Последние несколько минут были воистину ужасны, но ни одного крика, ни одного стона не вырвалось, из ее искусанных в лохмотья губ. А с последним ударом старинных часов, слышных по всей северной части города, Джанет почувствовала, что она свободна, что все звуки и краски мира вернулись к ней, что тело вновь стало воздушным, а душа раздвоилась – в руках великана-акушера звонко верещала крошечная девочка с длинными спутанными темными волосиками.
– Мама! – так же звонко и пронзительно крикнула Джанет, вскидывая к дочери вдруг чудесным образом налившиеся силой руки.

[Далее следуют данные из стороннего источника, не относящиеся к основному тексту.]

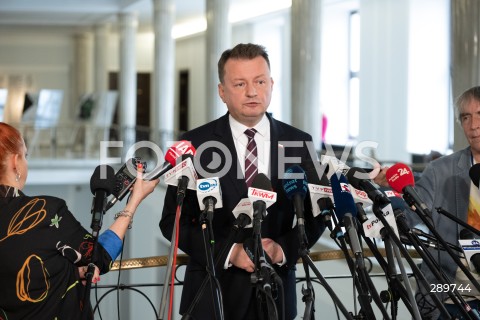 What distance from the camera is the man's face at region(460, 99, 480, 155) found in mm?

Когда же через несколько минут ей поднесли девочку, она не смогла удержаться от нового вскрика удивления: на нее глядело личико, все черты которого были словно прописаны тонкой тушью по коричневатому китайскому пергаменту, а на крошечных пухлых губах бродило легкое подобие улыбки.
И, вглядываясь в еще незнакомое лицо дочери, Джанет вспомнила светлую улыбку на губах погибшей матери, так ясно открывшую всем, кто видел ее, что со смертью жизнь не кончается…
– Па-а-ат, – тихонько протянула Джанет, чувствуя, как сердце ее заливает волна безграничной любви, смывающая все ее прошлые ошибки, грехи и страхи. – Пат… – Все несправедливости мира вдруг стали оправданы чудом рождения.
– Джанет! – теплые губы коснулись нежной жилки на ее отдавшем весь свой жар виске, и, склонившись, смешались золотые, чуть тронутые сединой и еще утробно влажные пряди.
На улицах среди февральской сырости зарождалась весна.
ЭПИЛОГ
Старый дом на Касл-Грин был наполнен новыми непривычными звуками: это было не тревожное поскрипывание рассохшегося паркета, не печальные вздохи высоких дверей и не тонкий перезвон фарфоровых чашек… Дом гудел изнутри, как растревоженный улей, и среди этого гула явственно можно было различить то стук молотков, то грохот обрушиваемых перегородок, то мужские голоса. А на крыше восседала пара веселых молодых кровельщиков в небесно-голубых комбинезонах, и замшелая прокопченная черепица, помнившая еще свадьбу королевы Виктории, уступала место своей новой яркой последовательнице.